The submissions presented by Claimant on the present motion - erroneously premised on the authority of Civil Practice Law and Rules §5015(a), a provision less directly applicable than those existing in the Court of Claims Act[1] - are essentially the same ones previously presented when Counsel asked for the adjournment more than six (6) months ago, except that portions of Claimant's deposition, and the Affirmation in Support completed by Ephrem Wertenteil, of counsel to Charles Berkman, have been submitted as well.

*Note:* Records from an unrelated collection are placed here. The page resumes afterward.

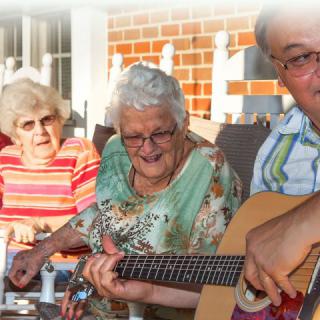 A group of seniors enjoying a musical gathering outdoors.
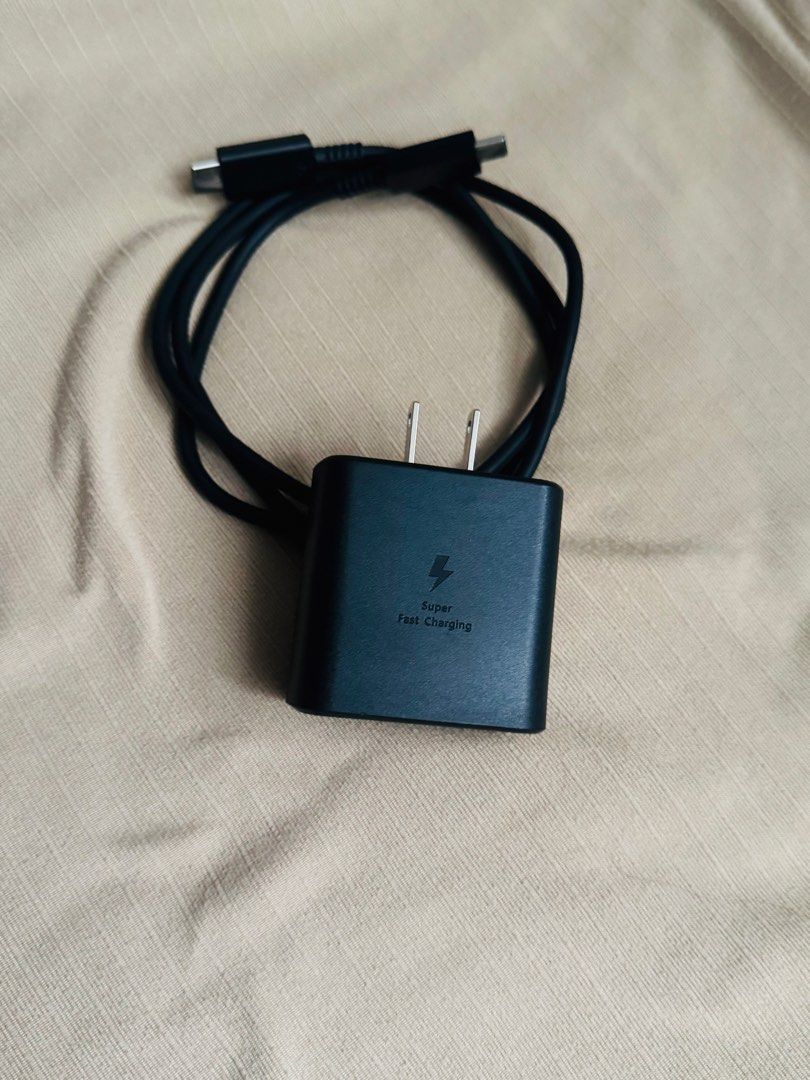 Authentic Samsung 25W / 45W Type-C Fast Charger (Category: Chargers & Cables) located in Manila. Submitted by bloodyrain (Listing ID 1465997335, Image 1). Description: Authentic Samsung 25W / 45W Type-C fast charger in black. Comes with a Type-C to Type-C cable. Excellent working condition. Meetups available at LRT1 Doroteo Jose or LRT2 Recto stations..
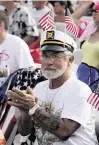  ?? ANDREW ULOZA FOR THE MIAMI HERALD ?? Luis Velasquez at the July 4 celebratio­n in 2011 in Hollywood Beach.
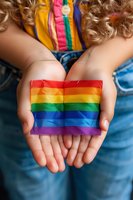 Child's hands holding rainbow pride flag against colorful clothing background, representing support, unity, and acceptance in LGBTQ community movement.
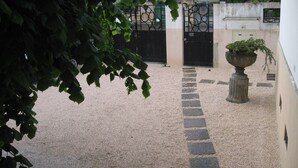 Une cour avec un chemin de gravier, un pot de fleurs et un portail noir.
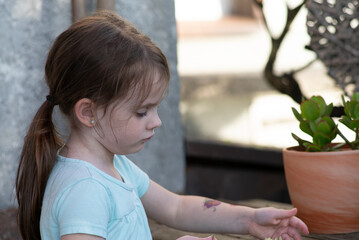 A little sad girl with a ponytail stands by a pot with an indoor flower on the terrace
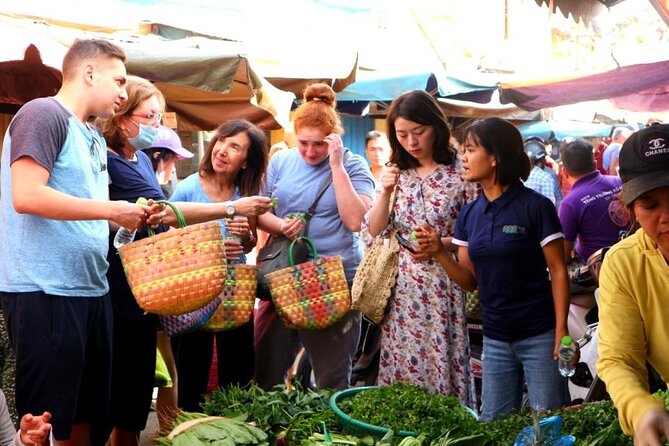Experience Local Market and Boat Ride with Cooking Class - The road to Cam Thanh changes the pace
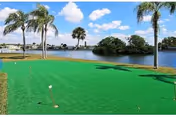 Artificial green lawn area with palm trees beside a water body under blue sky.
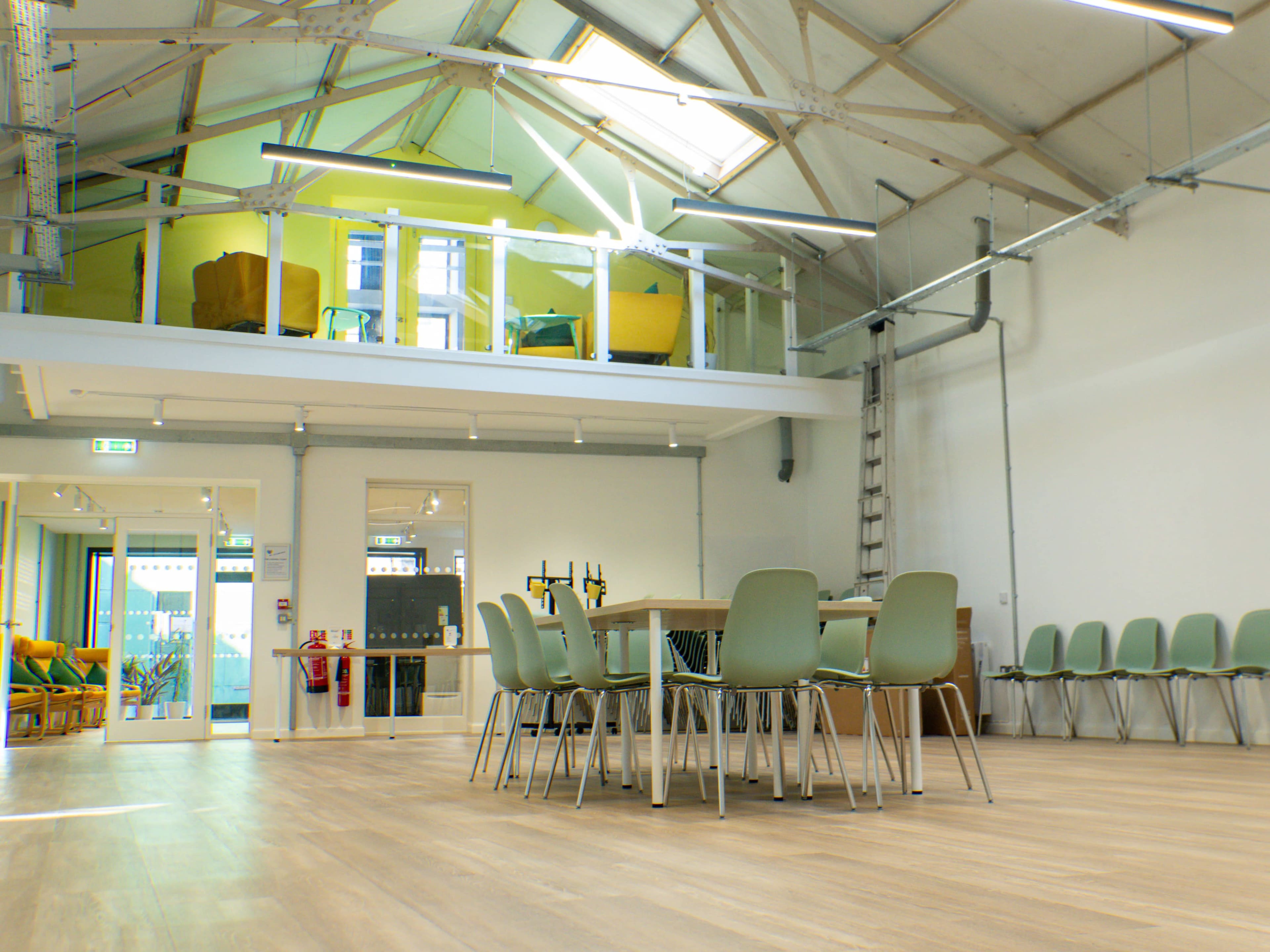 The image shows a spacious, modern interior of a building with light-colored wooden flooring, a central table surrounded by green chairs, and a lofted area with yellow seating.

Mr. Wertenteil has cited to various Appellate Division cases [See e.g. Rosario v Elishis, 270 AD2d 404, 405 (2d Dept 2000); Avital v Avital, 152 AD2d 523, 524 (2d Dept 1989); Mayo v New York Telephone Co., 175 AD2d 390 (3d Dept 1991); Poole v Mayer, 112 AD2d 853 (1st Dept 1985)], pronouncing the errors of the trial courts in failing to grant adjournments premised on the engagement of trial counsel, under varying scenarios, unified by the appellate court sensibility that resolution of matters on the merits is generally favored.

Claimant's deposition sets forth the basic facts he is alleging concerning his claim of injury on June 11, 1998 due to a dangerous recurring condition allowed to exist in the messhall at Fishkill Correction Facility. A letter purportedly sent to the Superintendent of the facility two months earlier complaining of the dangerous conditions in the messhall suggests that there might have been notice as required to establish liability against the State. Thus there might be merit to the Claimant's cause of action.

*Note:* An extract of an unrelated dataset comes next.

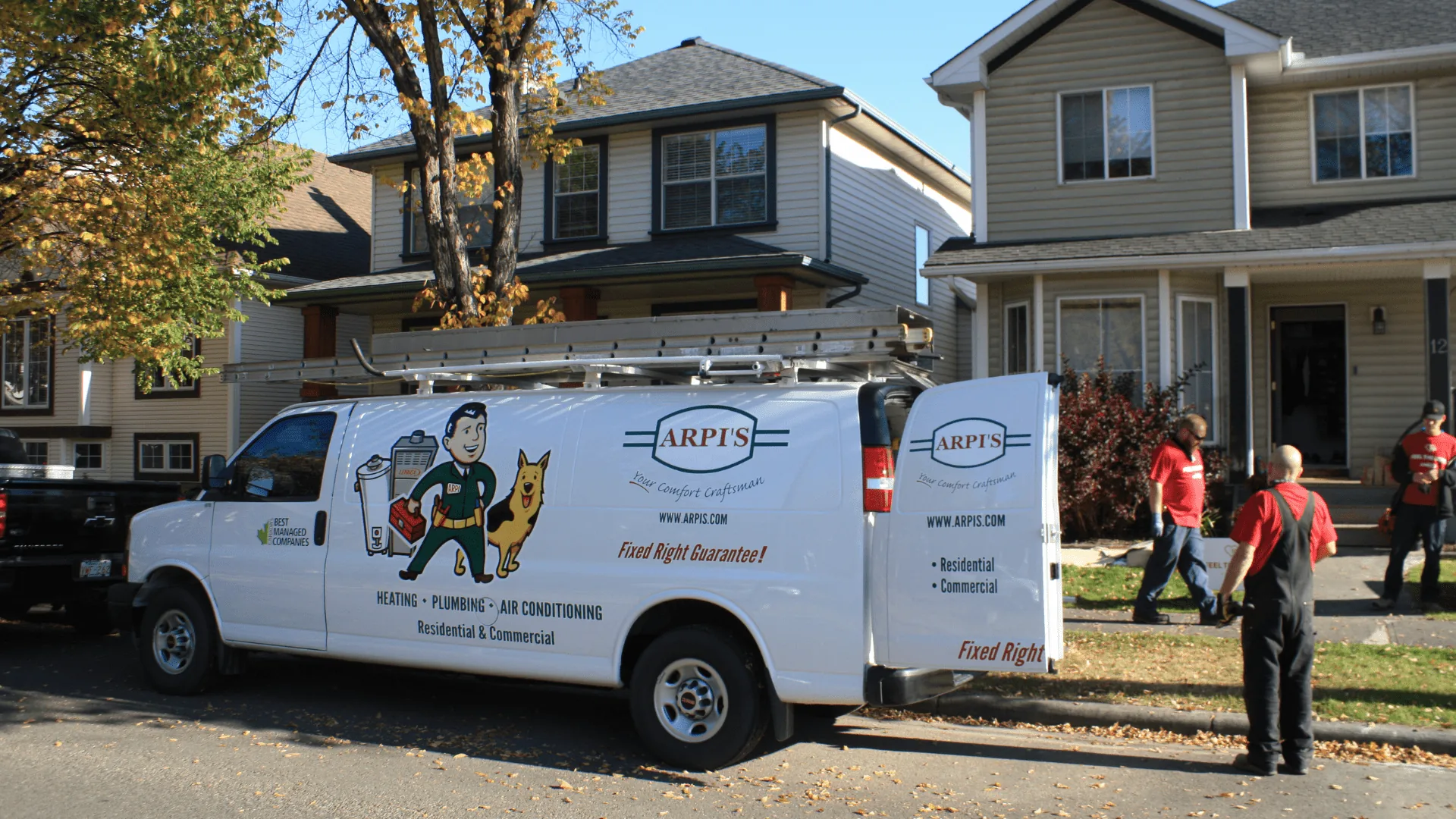 Arpi's technicians arriving for a Lennox furnace replacement at a Calgary home, service van parked curbside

Finally, the Second Department appears reluctant to sustain dismissal on procedural grounds alone and, as noted earlier, enforce consideration of cases on the merits almost regardless of the level of dilatory conduct by counsel. See e.g. Weekes v Karayianakis, 304 AD2d 561 (2d Dept 2003); Mita v Bianchi, 286 AD2d 376 (2d Dept 2001); Ahroni v City of New York, 175 AD2d 789 (2d Dept 1991); Tschernia v Embanque Capital Corporation, 161 AD2d 585 (2d Dept 1990).

Although the Court is frustrated by the failure to properly use the procedure for engagement of counsel at the earliest possible opportunity, the sensibility regarding resolution of matters on the merits is shared by this Court, and will therefore be honored.

Accordingly, Claimant's motion number M-68397 to vacate the judgment of dismissal rendered herein, and to restore the Claim is hereby granted.

August 5, 2004
White Plains, New York

HON. THOMAS H. SCUCCIMARRA
Judge of the Court of Claims




[1] The Civil Practice Law and Rules generally apply in the Court of Claims except where provisions of the Court of Claims Act already address an issue. See Court of Claims Act §9(9).